== Segment start ==

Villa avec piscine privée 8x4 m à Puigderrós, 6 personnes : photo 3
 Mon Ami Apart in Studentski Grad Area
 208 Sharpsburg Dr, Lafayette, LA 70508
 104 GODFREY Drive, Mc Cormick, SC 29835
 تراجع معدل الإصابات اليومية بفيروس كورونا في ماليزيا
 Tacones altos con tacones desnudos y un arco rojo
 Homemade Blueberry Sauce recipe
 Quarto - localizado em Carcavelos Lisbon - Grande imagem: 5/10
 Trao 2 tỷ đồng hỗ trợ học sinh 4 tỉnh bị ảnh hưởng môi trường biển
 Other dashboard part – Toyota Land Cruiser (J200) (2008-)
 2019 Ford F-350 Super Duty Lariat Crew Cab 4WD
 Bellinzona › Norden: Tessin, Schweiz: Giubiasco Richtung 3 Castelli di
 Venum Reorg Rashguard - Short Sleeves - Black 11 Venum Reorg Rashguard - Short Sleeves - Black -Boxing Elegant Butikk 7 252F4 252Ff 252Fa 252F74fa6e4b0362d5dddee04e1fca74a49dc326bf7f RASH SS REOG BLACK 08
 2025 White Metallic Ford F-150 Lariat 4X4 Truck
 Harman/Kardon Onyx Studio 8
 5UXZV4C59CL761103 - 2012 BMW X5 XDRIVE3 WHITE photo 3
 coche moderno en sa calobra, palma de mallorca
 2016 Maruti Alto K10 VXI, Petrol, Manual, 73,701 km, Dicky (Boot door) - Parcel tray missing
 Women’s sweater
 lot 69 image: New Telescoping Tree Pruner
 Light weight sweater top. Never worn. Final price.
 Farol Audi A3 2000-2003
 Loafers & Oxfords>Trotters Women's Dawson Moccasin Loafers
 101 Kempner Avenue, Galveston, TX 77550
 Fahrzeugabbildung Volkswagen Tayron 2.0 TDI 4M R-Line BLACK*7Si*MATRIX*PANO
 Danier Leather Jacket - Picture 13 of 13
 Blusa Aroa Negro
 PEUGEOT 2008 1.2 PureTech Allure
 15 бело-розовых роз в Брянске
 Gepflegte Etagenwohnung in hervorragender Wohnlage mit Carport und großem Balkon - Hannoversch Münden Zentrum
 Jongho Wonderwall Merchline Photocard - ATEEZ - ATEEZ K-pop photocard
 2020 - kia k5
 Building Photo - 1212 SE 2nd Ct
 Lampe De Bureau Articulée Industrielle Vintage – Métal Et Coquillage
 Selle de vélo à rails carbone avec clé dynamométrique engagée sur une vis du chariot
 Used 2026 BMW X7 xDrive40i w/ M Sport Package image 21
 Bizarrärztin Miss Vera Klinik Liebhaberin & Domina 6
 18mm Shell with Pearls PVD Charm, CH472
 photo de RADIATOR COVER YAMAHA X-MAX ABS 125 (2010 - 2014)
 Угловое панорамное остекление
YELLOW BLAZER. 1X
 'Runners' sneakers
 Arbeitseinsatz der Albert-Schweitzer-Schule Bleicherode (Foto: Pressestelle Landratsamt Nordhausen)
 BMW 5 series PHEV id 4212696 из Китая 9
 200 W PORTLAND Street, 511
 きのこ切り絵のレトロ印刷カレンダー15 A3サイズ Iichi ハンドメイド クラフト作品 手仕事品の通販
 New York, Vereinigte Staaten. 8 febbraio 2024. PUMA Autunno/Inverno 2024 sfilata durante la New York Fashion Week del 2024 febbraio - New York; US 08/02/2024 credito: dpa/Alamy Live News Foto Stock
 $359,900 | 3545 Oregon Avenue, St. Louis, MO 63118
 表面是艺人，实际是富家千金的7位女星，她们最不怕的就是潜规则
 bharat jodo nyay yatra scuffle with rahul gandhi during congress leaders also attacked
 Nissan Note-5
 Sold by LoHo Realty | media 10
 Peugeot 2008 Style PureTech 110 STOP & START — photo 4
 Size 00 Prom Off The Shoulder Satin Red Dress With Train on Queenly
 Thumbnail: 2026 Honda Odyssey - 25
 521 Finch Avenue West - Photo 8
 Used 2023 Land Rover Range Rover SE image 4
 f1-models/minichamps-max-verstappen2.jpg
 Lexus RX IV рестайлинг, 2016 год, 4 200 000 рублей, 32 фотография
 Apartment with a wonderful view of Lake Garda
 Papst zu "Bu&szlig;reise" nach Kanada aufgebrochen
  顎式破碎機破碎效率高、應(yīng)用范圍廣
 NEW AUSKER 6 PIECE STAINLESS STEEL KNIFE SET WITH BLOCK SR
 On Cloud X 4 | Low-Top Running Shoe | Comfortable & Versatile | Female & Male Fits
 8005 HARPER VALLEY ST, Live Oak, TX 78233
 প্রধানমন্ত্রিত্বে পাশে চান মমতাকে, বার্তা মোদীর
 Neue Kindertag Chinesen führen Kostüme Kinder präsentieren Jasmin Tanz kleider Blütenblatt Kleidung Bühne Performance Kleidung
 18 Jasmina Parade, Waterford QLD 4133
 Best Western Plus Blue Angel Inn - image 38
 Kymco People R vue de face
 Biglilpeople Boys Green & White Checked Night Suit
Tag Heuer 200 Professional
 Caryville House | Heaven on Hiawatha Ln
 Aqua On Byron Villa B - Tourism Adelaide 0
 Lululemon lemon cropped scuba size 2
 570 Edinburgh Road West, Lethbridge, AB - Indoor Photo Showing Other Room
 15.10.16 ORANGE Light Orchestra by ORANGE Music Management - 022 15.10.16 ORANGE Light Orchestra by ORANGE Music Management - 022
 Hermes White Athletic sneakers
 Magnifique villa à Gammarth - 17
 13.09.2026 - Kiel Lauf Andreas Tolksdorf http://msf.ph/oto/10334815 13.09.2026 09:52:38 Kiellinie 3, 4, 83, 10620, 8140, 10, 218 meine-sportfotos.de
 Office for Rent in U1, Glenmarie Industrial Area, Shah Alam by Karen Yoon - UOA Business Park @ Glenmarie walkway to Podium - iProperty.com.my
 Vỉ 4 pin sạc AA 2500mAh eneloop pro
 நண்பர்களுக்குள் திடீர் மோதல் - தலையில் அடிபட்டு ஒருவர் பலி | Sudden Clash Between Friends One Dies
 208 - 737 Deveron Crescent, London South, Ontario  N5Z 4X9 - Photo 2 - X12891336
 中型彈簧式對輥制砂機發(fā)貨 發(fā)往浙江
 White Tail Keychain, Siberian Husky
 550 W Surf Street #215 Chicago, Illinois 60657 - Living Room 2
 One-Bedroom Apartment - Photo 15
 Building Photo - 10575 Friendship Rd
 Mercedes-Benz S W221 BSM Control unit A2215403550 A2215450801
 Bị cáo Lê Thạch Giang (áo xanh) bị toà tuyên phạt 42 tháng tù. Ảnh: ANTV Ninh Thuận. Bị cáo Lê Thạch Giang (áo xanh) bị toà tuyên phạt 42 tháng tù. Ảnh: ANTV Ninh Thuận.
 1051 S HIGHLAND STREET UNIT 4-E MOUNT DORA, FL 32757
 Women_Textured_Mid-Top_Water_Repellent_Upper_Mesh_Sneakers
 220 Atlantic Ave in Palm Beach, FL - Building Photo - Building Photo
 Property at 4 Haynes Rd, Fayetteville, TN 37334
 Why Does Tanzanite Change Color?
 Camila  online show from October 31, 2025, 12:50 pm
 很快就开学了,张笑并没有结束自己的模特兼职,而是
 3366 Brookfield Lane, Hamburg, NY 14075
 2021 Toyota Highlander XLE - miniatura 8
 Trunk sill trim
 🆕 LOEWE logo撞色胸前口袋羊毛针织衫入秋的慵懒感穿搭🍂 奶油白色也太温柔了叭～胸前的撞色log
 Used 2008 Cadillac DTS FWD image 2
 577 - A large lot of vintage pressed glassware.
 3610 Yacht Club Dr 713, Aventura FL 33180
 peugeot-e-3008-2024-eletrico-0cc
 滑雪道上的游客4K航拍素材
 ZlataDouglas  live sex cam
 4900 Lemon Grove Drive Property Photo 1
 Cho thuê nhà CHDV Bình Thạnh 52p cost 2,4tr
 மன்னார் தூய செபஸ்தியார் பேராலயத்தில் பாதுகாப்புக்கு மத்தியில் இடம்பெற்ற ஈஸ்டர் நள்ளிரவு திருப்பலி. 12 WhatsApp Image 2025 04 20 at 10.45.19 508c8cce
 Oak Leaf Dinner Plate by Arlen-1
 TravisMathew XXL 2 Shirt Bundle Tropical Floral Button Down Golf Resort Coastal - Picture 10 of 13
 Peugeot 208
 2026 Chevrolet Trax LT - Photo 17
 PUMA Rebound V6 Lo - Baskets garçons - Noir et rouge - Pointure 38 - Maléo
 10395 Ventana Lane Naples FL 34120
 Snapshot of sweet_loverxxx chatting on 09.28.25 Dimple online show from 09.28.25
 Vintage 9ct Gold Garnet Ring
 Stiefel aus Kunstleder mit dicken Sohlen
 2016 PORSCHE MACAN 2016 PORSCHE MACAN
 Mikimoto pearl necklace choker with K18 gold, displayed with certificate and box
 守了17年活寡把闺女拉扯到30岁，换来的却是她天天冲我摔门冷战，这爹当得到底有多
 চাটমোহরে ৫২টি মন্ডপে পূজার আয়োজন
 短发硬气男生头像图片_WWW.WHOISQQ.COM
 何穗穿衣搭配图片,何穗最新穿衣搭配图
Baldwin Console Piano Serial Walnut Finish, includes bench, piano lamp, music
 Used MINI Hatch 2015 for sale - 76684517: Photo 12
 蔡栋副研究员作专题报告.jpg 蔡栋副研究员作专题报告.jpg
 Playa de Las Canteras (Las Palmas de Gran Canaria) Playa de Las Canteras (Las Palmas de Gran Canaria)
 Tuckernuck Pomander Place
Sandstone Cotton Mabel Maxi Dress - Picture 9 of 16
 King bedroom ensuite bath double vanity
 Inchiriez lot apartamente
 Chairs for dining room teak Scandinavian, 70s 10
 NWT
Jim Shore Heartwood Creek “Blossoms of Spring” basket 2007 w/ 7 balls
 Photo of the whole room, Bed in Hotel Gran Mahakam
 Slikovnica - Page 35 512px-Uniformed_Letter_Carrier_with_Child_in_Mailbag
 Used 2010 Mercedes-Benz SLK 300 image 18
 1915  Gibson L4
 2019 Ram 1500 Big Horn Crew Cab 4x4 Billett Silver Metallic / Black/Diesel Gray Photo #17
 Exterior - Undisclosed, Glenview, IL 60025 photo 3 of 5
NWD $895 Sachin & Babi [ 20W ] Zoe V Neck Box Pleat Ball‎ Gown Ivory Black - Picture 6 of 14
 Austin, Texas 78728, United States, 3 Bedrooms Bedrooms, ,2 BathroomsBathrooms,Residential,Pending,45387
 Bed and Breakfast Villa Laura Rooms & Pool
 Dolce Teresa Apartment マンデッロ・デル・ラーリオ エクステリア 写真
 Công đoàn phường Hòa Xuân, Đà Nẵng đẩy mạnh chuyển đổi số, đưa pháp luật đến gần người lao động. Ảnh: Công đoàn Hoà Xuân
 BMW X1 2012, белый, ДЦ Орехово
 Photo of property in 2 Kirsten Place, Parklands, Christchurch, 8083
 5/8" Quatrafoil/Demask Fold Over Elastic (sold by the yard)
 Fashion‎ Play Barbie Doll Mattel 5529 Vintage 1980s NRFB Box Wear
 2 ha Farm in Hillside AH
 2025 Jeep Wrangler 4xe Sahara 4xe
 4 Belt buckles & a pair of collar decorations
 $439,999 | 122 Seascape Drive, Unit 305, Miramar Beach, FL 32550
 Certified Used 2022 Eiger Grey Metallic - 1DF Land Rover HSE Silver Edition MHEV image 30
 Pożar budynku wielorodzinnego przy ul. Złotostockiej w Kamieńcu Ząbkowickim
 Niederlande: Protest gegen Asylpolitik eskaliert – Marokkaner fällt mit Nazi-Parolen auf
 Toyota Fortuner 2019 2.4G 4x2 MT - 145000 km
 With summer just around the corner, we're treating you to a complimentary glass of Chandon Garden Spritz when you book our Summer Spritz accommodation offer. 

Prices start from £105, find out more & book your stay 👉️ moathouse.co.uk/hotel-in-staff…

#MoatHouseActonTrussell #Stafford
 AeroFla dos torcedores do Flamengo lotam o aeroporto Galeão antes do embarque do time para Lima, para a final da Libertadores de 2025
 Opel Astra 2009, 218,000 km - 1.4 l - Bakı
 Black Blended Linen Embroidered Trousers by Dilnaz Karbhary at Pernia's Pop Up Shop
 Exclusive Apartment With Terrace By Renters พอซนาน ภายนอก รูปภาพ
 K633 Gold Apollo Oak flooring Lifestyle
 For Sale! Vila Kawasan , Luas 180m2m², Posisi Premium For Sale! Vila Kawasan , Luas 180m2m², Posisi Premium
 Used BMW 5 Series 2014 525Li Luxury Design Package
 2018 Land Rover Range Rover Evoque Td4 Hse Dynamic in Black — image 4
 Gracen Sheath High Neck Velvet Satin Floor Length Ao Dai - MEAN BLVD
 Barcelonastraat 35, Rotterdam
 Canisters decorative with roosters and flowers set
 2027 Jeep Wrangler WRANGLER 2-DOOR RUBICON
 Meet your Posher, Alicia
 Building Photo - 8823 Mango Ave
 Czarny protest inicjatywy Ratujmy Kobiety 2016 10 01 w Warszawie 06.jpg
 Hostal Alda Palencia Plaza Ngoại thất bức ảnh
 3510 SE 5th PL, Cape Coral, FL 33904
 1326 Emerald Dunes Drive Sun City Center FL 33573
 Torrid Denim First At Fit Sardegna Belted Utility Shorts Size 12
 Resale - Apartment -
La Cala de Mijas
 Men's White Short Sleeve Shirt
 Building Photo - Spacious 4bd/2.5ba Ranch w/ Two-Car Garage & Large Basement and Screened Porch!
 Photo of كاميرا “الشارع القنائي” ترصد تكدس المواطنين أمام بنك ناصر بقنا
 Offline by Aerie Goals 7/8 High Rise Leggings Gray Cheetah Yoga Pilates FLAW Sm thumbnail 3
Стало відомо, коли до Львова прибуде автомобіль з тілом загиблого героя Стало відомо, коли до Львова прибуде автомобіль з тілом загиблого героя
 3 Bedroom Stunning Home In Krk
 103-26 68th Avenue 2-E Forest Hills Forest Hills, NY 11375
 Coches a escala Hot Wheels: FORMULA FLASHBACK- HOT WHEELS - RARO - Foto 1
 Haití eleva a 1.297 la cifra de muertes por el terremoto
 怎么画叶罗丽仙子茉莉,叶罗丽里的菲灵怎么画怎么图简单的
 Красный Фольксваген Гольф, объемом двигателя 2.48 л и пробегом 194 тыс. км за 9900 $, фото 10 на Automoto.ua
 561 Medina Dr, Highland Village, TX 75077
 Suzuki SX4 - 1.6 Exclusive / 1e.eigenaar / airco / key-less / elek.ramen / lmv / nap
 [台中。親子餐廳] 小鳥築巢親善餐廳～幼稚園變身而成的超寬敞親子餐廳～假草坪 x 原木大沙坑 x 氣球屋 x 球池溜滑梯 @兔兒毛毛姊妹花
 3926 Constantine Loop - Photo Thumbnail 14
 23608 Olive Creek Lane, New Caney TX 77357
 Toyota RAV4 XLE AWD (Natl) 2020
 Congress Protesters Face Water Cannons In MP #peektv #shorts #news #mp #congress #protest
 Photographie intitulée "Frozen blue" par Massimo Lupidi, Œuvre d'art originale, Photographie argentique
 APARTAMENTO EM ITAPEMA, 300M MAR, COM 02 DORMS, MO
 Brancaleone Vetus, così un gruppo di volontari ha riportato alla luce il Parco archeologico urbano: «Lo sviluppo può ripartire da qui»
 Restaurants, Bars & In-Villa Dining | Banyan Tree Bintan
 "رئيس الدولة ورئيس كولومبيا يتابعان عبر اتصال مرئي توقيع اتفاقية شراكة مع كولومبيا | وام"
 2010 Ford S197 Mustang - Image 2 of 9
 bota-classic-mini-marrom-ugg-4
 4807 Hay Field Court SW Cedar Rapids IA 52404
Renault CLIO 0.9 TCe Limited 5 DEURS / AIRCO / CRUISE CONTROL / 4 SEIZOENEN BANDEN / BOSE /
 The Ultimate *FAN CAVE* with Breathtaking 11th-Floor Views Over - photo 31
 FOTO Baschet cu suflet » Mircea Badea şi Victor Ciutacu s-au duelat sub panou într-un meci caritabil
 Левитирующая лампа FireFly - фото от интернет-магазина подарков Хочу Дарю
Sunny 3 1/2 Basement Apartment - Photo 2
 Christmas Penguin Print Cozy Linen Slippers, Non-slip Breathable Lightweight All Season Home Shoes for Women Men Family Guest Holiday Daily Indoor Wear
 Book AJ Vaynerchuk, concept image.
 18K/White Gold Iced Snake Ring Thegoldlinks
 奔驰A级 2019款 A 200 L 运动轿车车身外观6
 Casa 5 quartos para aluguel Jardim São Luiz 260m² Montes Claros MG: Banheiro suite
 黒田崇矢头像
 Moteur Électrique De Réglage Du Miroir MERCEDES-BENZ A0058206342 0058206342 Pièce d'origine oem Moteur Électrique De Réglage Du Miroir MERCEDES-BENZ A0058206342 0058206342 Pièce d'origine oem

== Segment end ==

## AIM OF THE TASK
Return a word-for-word copy of the lines from the beginning of the listing to the line holding "2016 Maruti Alto", both kept.

## REPLY TO THE TASK
Villa avec piscine privée 8x4 m à Puigderrós, 6 personnes : photo 3
 Mon Ami Apart in Studentski Grad Area
 208 Sharpsburg Dr, Lafayette, LA 70508
 104 GODFREY Drive, Mc Cormick, SC 29835
 تراجع معدل الإصابات اليومية بفيروس كورونا في ماليزيا
 Tacones altos con tacones desnudos y un arco rojo
 Homemade Blueberry Sauce recipe
 Quarto - localizado em Carcavelos Lisbon - Grande imagem: 5/10
 Trao 2 tỷ đồng hỗ trợ học sinh 4 tỉnh bị ảnh hưởng môi trường biển
 Other dashboard part – Toyota Land Cruiser (J200) (2008-)
 2019 Ford F-350 Super Duty Lariat Crew Cab 4WD
 Bellinzona › Norden: Tessin, Schweiz: Giubiasco Richtung 3 Castelli di
 Venum Reorg Rashguard - Short Sleeves - Black 11 Venum Reorg Rashguard - Short Sleeves - Black -Boxing Elegant Butikk 7 252F4 252Ff 252Fa 252F74fa6e4b0362d5dddee04e1fca74a49dc326bf7f RASH SS REOG BLACK 08
 2025 White Metallic Ford F-150 Lariat 4X4 Truck
 Harman/Kardon Onyx Studio 8
 5UXZV4C59CL761103 - 2012 BMW X5 XDRIVE3 WHITE photo 3
 coche moderno en sa calobra, palma de mallorca
 2016 Maruti Alto K10 VXI, Petrol, Manual, 73,701 km, Dicky (Boot door) - Parcel tray missing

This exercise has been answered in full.